Bought a Pentax Auto 110 with 18mm and 24mm lenses last night, should be here in the next few days.
Completely automatic exposure (the shutter and the diaphragm are one and the same, and therefore higher shutter speeds also stop it down - with speeds 1/60s and up, IIRC, the shutter never fully opens, and the shutter is essentially a two-blade compact camera-style diaphragm,) but manual focus. Because of the shutter, lenses have no diaphragm, and are all f/2.8 - even the 20-40 zoom.
Oh, and it's one of the smallest SLRs ever made, and the smallest SLR system ever made (the three common primes - 18 wide angle, 24 normal, and 50mm tele (the other lenses are a 70mm tele, a fixed-focus 18, and a 20-40 zoom,) and the camera can fit in one hand) - it's significantly smaller than even my PowerShot A560.
Downside is, it shoots 110. (This does give it a 2x crop factor, and because the entire system was designed around 110, everything is TINY. The 24mm lens is the size of a freaking soda bottle cap, apparently.)

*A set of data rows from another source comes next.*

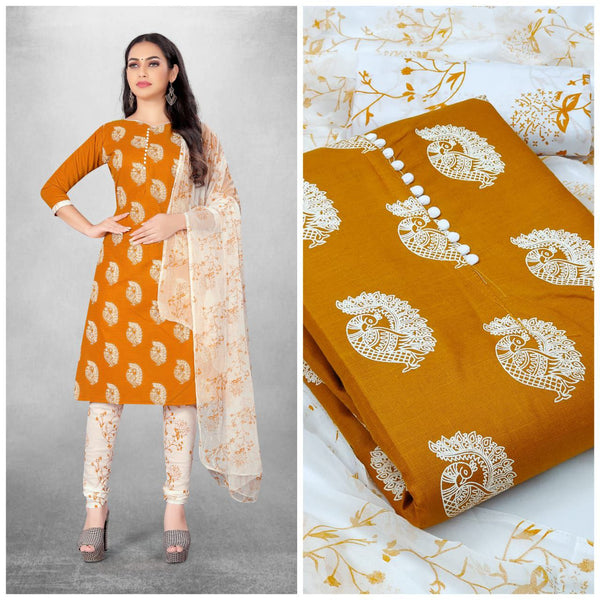 Gorgeous Mustard Yellow Color Slub Cotton Straight Cut Chudidhar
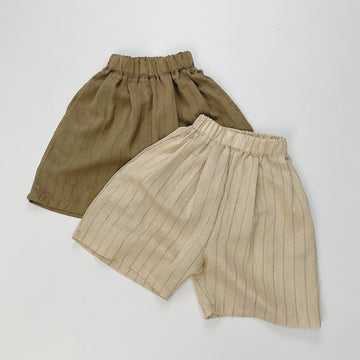 Toddler Boy Vertical Striped Linen Shorts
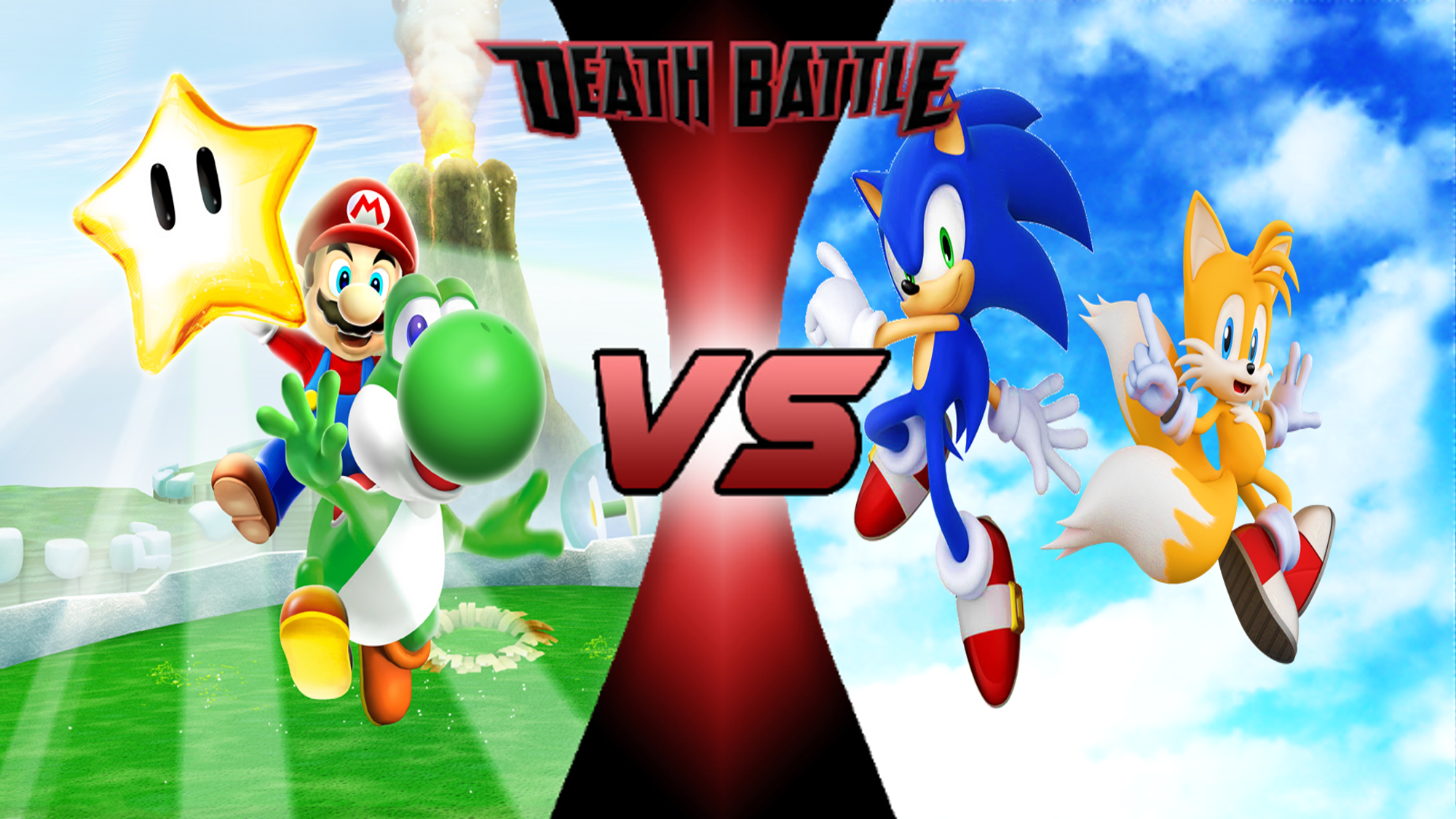 mario and yoshi vs sonic and tails  death battle fanon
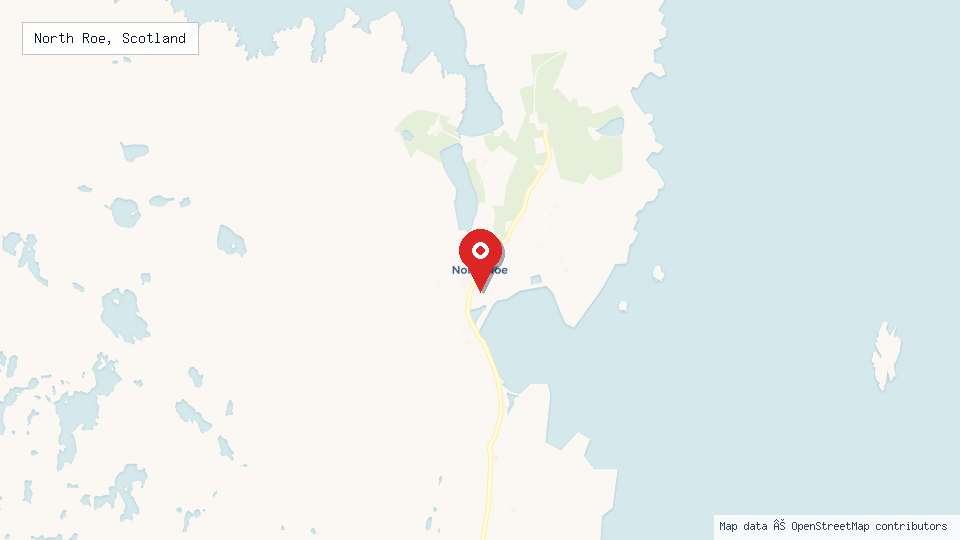 Street map of North Roe, Scotland with location pin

I want to find a dead Four Thirds or Micro Four Thirds camera, and graft the electronics onto the back, making a digital back for it. There'll need to be some trickery to get the digital camera to not be pissed off by the lack of a shutter and (in the case of a standard 4/3) mirror, among other things, but I think it's doable. (The lens isn't an issue, 4/3 and u4/3 cameras support a mode for shooting "without a lens" when the lens doesn't have electronics - and, in fact, the Pentax Auto 110 lenses are popular on u4/3 cameras.)